▶ **WHAT IS REQUIRED**
Your answer must be the full listing below, repeated exactly, with no pictures in it.

▶ **DATA SHOWN**
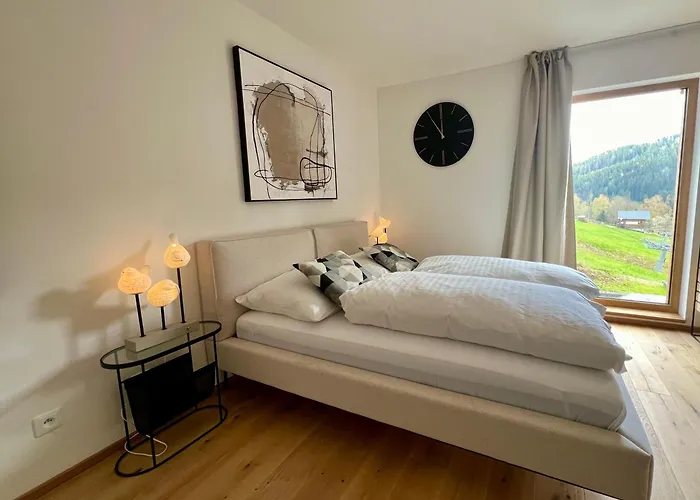 Golden Ridge Apartment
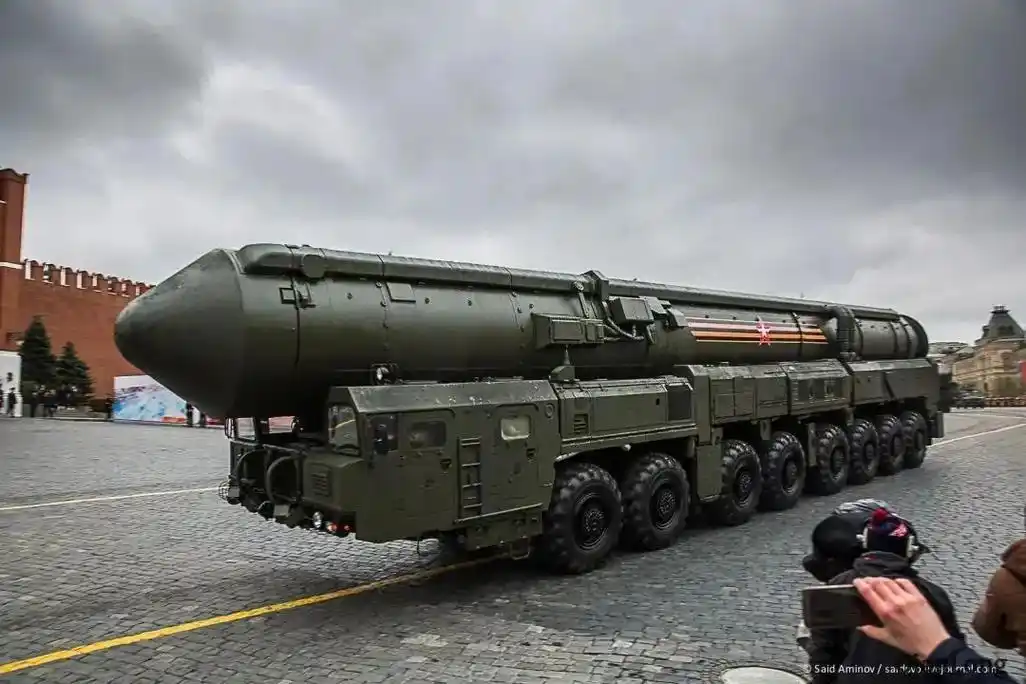 俄军大批核导弹出动,11架核轰炸机飞抵北约边境 图片来自于 - 抖音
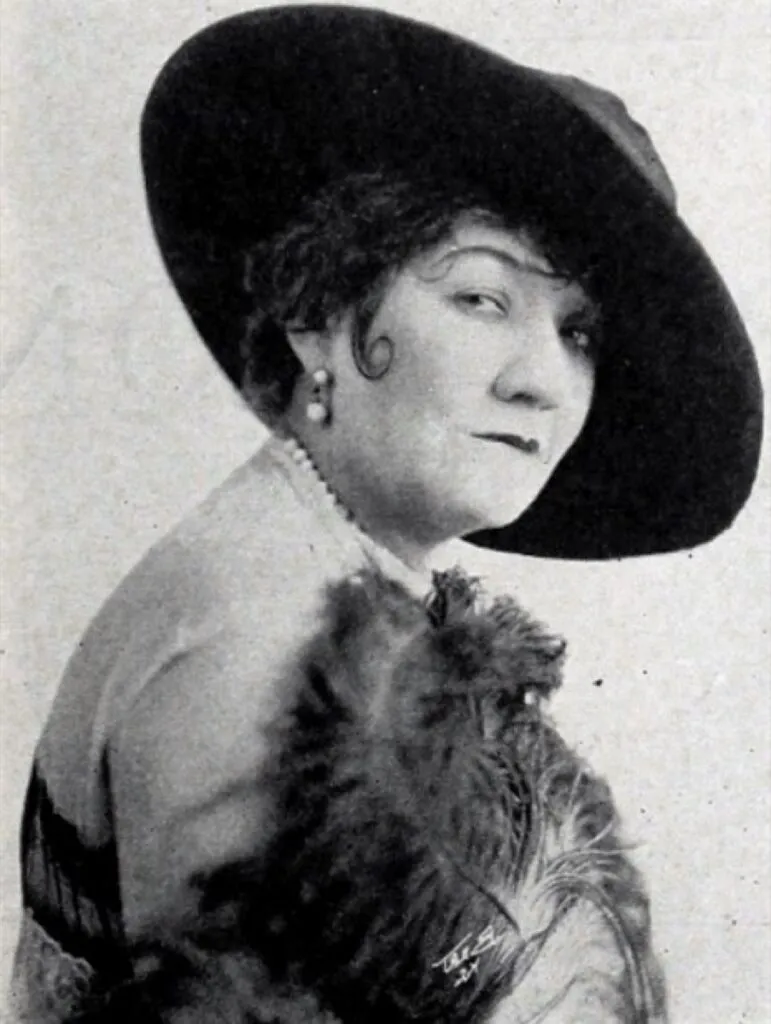 Louise Carver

▶ **RESPONSE TO THE TASK**
 Golden Ridge Apartment
 俄军大批核导弹出动,11架核轰炸机飞抵北约边境 图片来自于 - 抖音
 Louise Carver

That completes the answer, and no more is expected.